Hi Folks,
I am jumping around in my writeups.
As always, please let me know of anything that is unclear.  /Roger
--------------------------------------------------------------------------------------
11. Variable length, nillable, composite, no choice

A composite field is one that is composed of parts. There is no separator 
between the parts. The parts may be fixed length or variable length. The parts 
are non-nillable, although the composite field itself may be nillable.
This section deals with composite fields containing parts that are variable 
length and the field is nillable.
We will create a DFDL schema for a "Location" field that has a latitude and 
longitude, separated by a dash. Here is a sample value:
2006N-05912E
That is one value with 7 parts:
The first two digits (20) represents a latitude in degrees.
The next two digits (06) represents the latitude in minutes.
The N indicates the latitude's hemisphere.
The dash ( - ) separates the latitude values from the following longitude 
values.
The 059 represents the longitude in degrees.
The 12 represents the longitude in minutes.
The E represents the longitude hemisphere.
In other words, the location is latitude 20 degrees, 6 minutes North, longitude 
59 degrees, 12 minutes East.
Both the latitude minute and longitude minute are variable length are expressed 
as a two-digit integer or as a decimal value. If a decimal, there may be 1-4 
digits to the right of the decimal point.
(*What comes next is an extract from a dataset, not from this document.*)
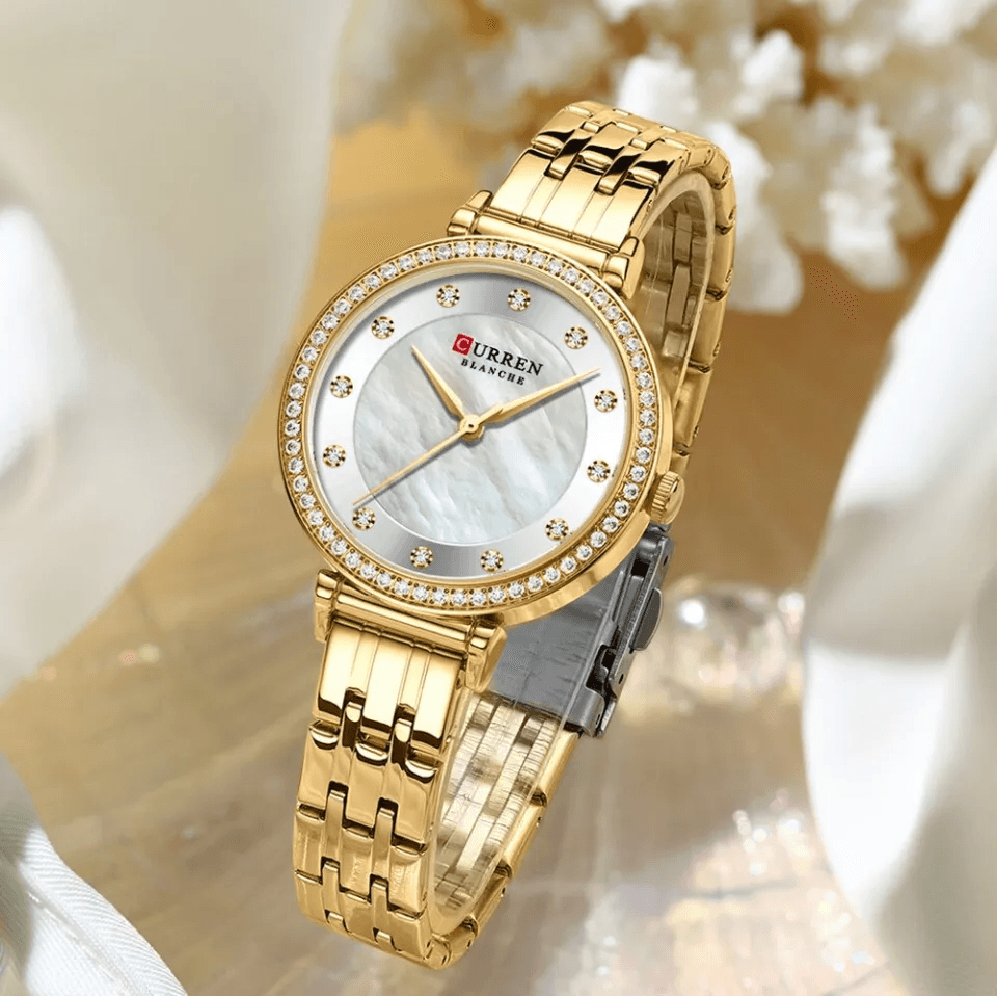 Reloj Curren 9087 Mujer Acero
Here are Location values with minute 
parts (highlighted in yellow) that have decimal values:
4221.6N-71003.5W
4221.63N-71003.57W
4221.630N-71003.576W
4221.6300N-71003.5760W
Here is one more example of a valid Location value:
-
That value means: no data was available to populate the field.
To re-emphasize, Location is a variable length, nillable, composite field.
Here is an XML Schema declaration of Location, sans any DFDL properties (I 
highlighted in yellow the field name and part names):
<xs:element name="Location" nillable="true">
    <xs:complexType>
        <xs:sequence>
            <xs:element name="LatitudeDegrees">
                <xs:simpleType>
                    <xs:restriction base="xs:string">
                        <xs:pattern value="[0-9]{2}" />
                    </xs:restriction>
                </xs:simpleType>
            </xs:element>
            <xs:element name="LatitudeMinutes">
                <xs:simpleType>
                    <xs:restriction base="xs:string">
                        <xs:pattern value="[0-9]{2}" />
                        <xs:pattern value="[0-9]{2}\.[0-9]{1}" />
                        <xs:pattern value="[0-9]{2}\.[0-9]{2}" />
                        <xs:pattern value="[0-9]{2}\.[0-9]{3}" />
                        <xs:pattern value="[0-9]{2}\.[0-9]{4}" />
                    </xs:restriction>
                </xs:simpleType>
            </xs:element>
            <xs:element name="LatitudeHemisphere">
                <xs:simpleType>
                    <xs:restriction base="xs:string">
                        <xs:enumeration value="N" />
                        <xs:enumeration value="S" />
                    </xs:restriction>
                </xs:simpleType>
            </xs:element>
           <xs:element name="Hyphen">
                <xs:simpleType>
                    <xs:restriction base="xs:string">
                        <xs:enumeration value="-" />
                    </xs:restriction>
                </xs:simpleType>
            </xs:element>
            <xs:element name="LongitudeDegrees">
                <xs:simpleType>
                    <xs:restriction base="xs:string">
                        <xs:pattern value="[0-9]{3}" />
                    </xs:restriction>
                </xs:simpleType>
            </xs:element>
            <xs:element name="LongitudeMinutes">
                <xs:simpleType>
                    <xs:restriction base="xs:string">
                        <xs:pattern value="[0-9]{2}" />
                        <xs:pattern value="[0-9]{2}\.[0-9]{1}" />
                        <xs:pattern value="[0-9]{2}\.[0-9]{2}" />
                        <xs:pattern value="[0-9]{2}\.[0-9]{3}" />
                        <xs:pattern value="[0-9]{2}\.[0-9]{4}" />
                    </xs:restriction>
                </xs:simpleType>
            </xs:element>
            <xs:element name="LongitudeHemisphere">
                <xs:simpleType>
                    <xs:restriction base="xs:string">
                        <xs:enumeration value="E" />
                        <xs:enumeration value="W" />
                    </xs:restriction>
                </xs:simpleType>
            </xs:element>
        </xs:sequence>
    </xs:complexType>
</xs:element>
These parts have fixed length: LatitudeDegrees, LatitudeHemisphere, Hyphen, 
LongitudeDegrees, and LongitudeHemisphere.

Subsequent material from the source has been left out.